SUPPLIED INFORMATION
::::::::::
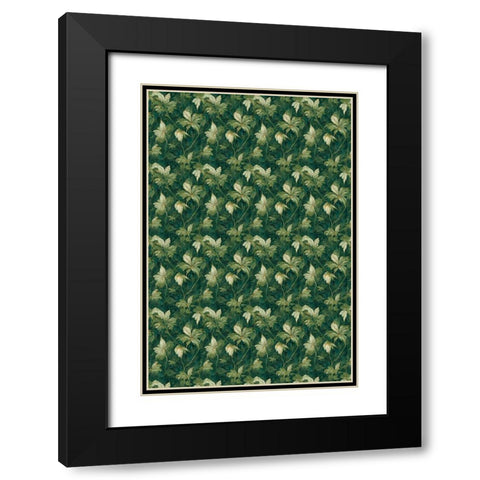 Green Leafs Pattern Black Modern Wood Framed Art Print with Double Matting by Treechild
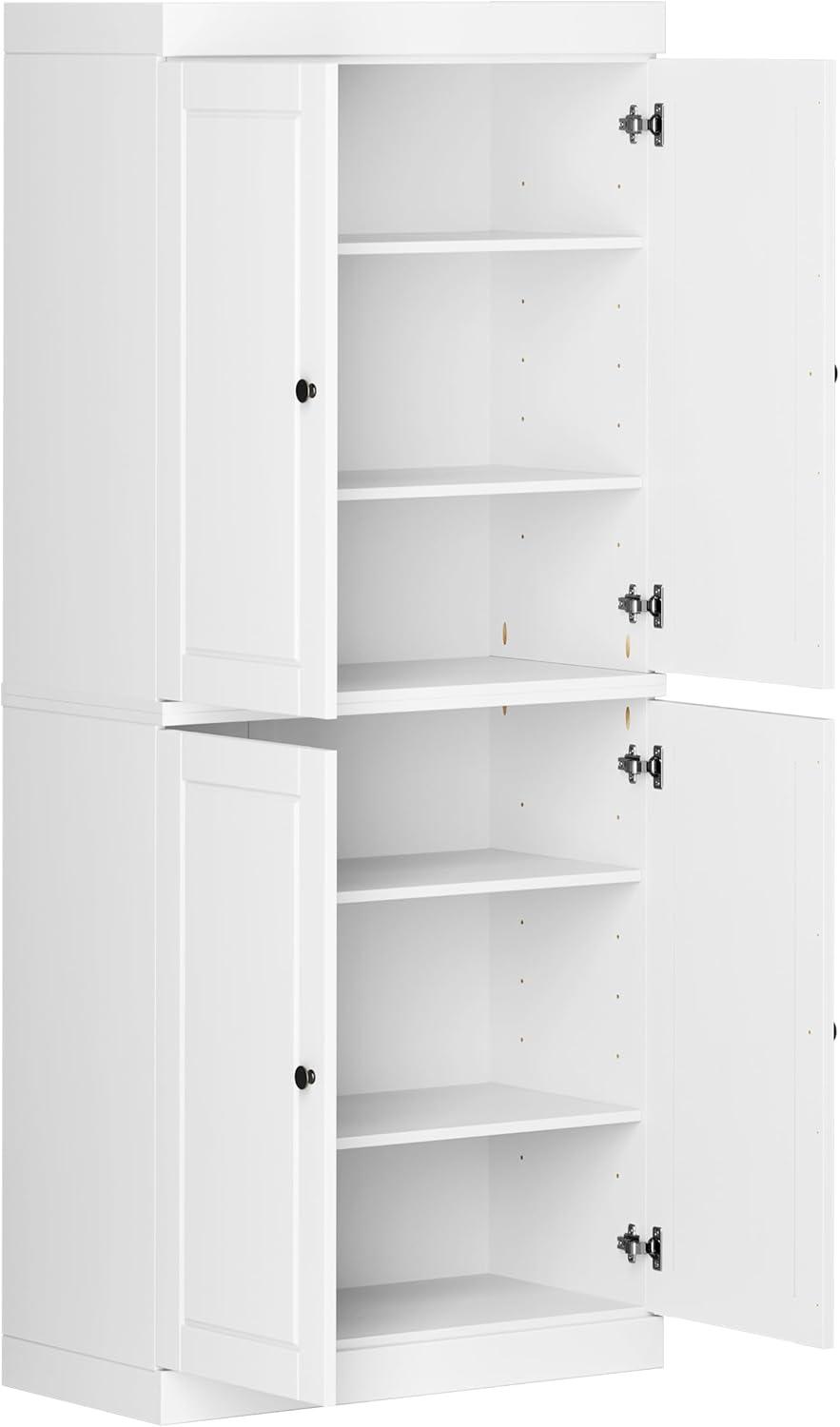 Palace Imports 100% Solid Wood Kitchen Pantry Storage Cabinet with Doors and Adjustable Shelves, White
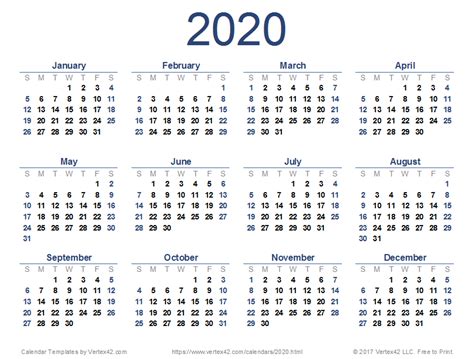 Image Result For 2020 Calendar Printable Yearly Calendar Monthly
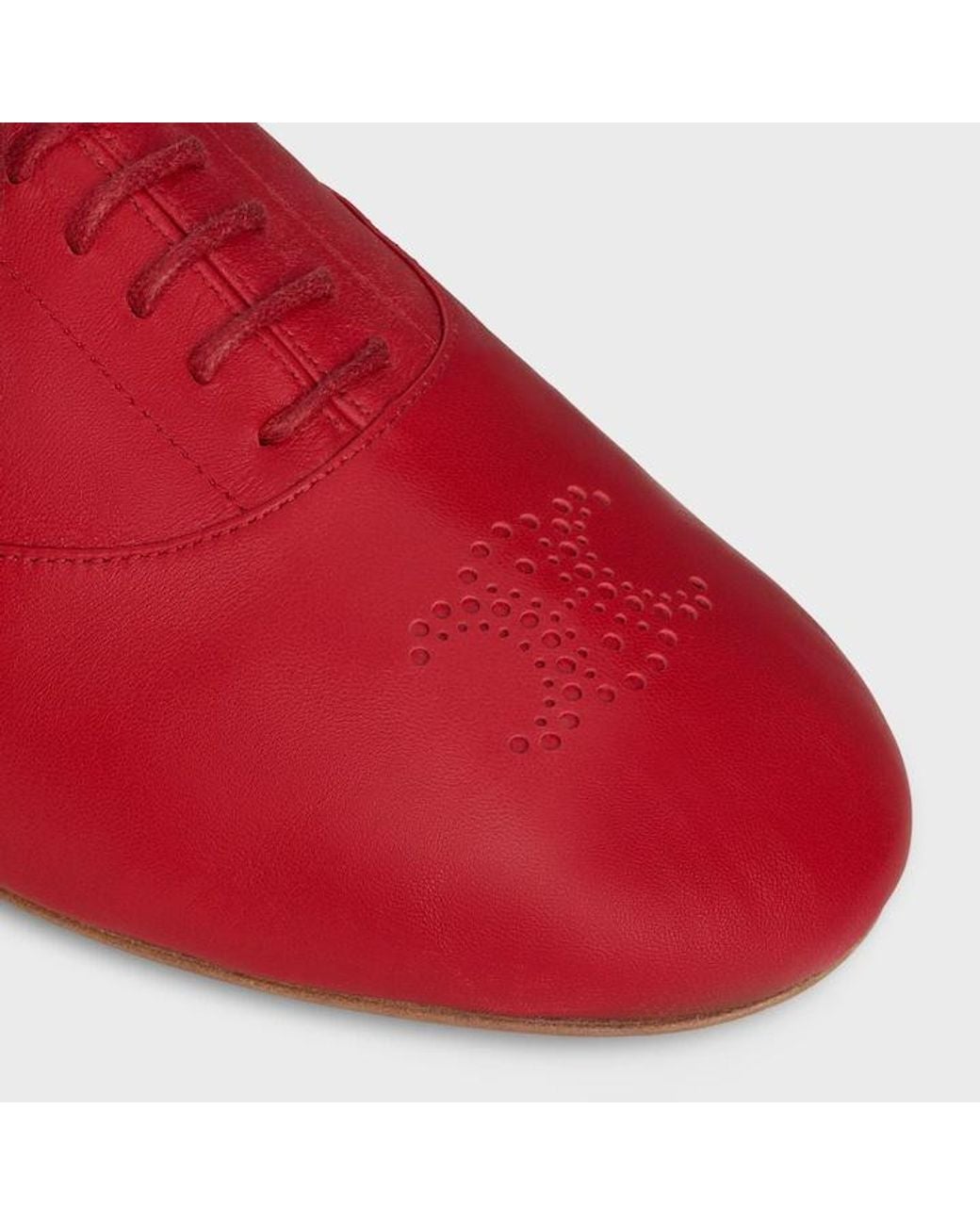 Céline Red Lise Perforated Triomphe Richelieu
::::::::::
TRY IT
Output the listing exactly, without images.

SOLUTION FOR THIS TASK
 Green Leafs Pattern Black Modern Wood Framed Art Print with Double Matting by Treechild
 Palace Imports 100% Solid Wood Kitchen Pantry Storage Cabinet with Doors and Adjustable Shelves, White
 Image Result For 2020 Calendar Printable Yearly Calendar Monthly
 Céline Red Lise Perforated Triomphe Richelieu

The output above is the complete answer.